De mars à décembre 2019, Ariana Grande a donné une incroyable tournée, le Sweetener World Tour : 101 concerts dans seize pays par le monde. Un succès phénoménal, à la fois commercial (c’est la tournée la plus rentable de sa courte carrière) et critique. Juste avant les fêtes de fin d’année, Netflix y a consacré en grande partie son nouveau documentaire musical, Ariana Grande : excuse me, I love you, réalisé par Paul Dugdale. 

Un concert stupéfiant mis à l’honneur

Les premières séquences du film dévoilent le début d’un des shows de la chanteuse à Londres. Au milieu de ses douze danseuses et danseurs disposés autour d’une grande table, Ariana Grande enchaîne les poses et les chorégraphies. Synchronisée à la seconde près, la troupe offre au public un tableau – inspiré de La Cène de Léonard de Vinci – créé par d’impressionnants jeux de lumière et une scénographie très travaillée.

Une mise en scène évolutive rend le show de l’Américaine encore plus abouti. Chaque chanson est rattachée à une atmosphère : une voiture taguée pour 7 Rings et des bombers pour les danseurs, ou une gigantesque lune et une tenue galactique pour Tattooed heart. Et Ariana Grande impressionne par sa voix claire et puissante, proposant des versions live qui surpassent celles enregistrées en studio.

Le premier intérêt du documentaire est de montrer cette inépuisable énergie sur scène : la star enchaîne avec facilité les chansons, les chorégraphies et les tenues tout au long de sa performance.

Poupée de cire, poupée de son

Mais le documentaire est aussi entrecoupé de séquences dévoilant le quotidien de l’artiste.
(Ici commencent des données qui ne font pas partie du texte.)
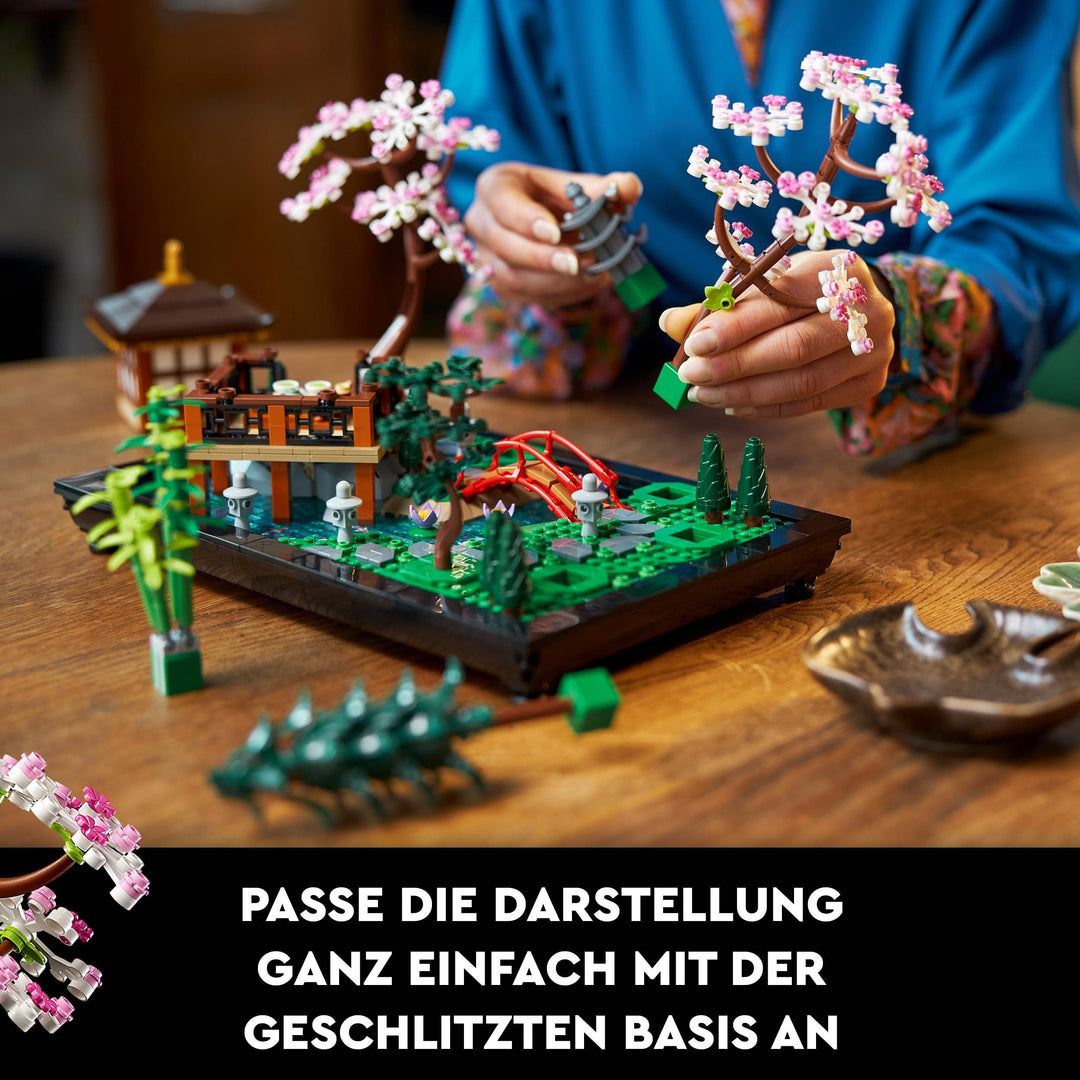 Klemmbausteine Zen-Garten japanisch inspiriert 1363 Teile Erwachsene - Bild 4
Contrairement à d’autres chanteuses de son registre, Ariana Grande ne cherche pas à jouer le rôle de la “femme fatale”. Elle y préfère celui d’une poupée, à la fois fragile et mignonne. En spectacle, elle s’habille de rose bonbon ou de rouge pailleté, parfois avec une sucette à la main. En dehors de la scène, elle continue à cultiver son personnae. Ainsi, filmée pendant les dernières répétitions avant la tournée, elle apparaît dans un sweat-shirt extra-large, dansant avec une poupée gonflable…
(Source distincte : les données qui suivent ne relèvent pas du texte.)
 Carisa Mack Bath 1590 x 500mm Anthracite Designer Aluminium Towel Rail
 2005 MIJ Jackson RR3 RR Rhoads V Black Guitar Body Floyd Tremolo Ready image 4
Et même dans les coulisses, l’artiste ne perd pas sa majesté. À peine sortie de scène, elle se change en vitesse, sans que la moindre goutte de sueur ne perle son front. Son maquillage est intact, sa peau est lisse et satinée. Elle est toujours parfaite.

Une grande famille

Autre leitmotiv du documentaire, montrer la grande complicité entre la chanteuse et son équipe. À plusieurs reprises, Ariana Grande est filmée en train de prendre un membre de son équipe dans les bras, de le remercier ou de rire avec lui. Les frères Brian et Scott Nicholson, chorégraphes sur la tournée, sont présentés comme les meilleurs amis de la star, l’un de ses managers est qualifié de “meilleur humain”, et son coiffeur d’”icône”

Londres. Applaudissez bien fort chaque danseuse du Sweetener World Tour !”, lance la star : Ariana Grande valorise ses équipes et cela se voit aussi sur scène. Ses danseurs jouent un vrai rôle dans la mise en scène et viennent compléter la performance de la chanteuse. Ils interagissent avec elle, jouent des personnages et ont le droit à plusieurs solos de danse. Le titre Excuse me, I love you (excusez-moi, je vous aime) dit bien l’esprit “grande famille” que la star veut transmettre.

“Cette nouvelle tournée m’a sauvé la vie”

De même, le ton est toujours à la joie et la bonne humeur. Ariana Grande montre quelques fois des signes de fatigue, mais ils sont vite gommés par son excitation de la scène. Pourtant la jeune star n’a pas été épargnée par les épreuves ces dernières années : le décès de son ancien compagnon le rappeur Mac Miller, sa séparation avec Pete Davidson et surtout l’attentat terroriste à la bombe perpétré à la sortie d’un de ses concerts à Manchester en 2017.

Le documentaire ne les évoque pas, hormis à quelques rares moments. Dont cette belle séquence de la fin du film où la chanteuse, entre deux larmes, remercie son équipe avant de monter du scène : “Une chose est sûre, cette nouvelle tournée m’a sauvé la vie”.

“Ariana Grande : Excuse me, I love you” de Paul Dugdale, disponible sur Netflix.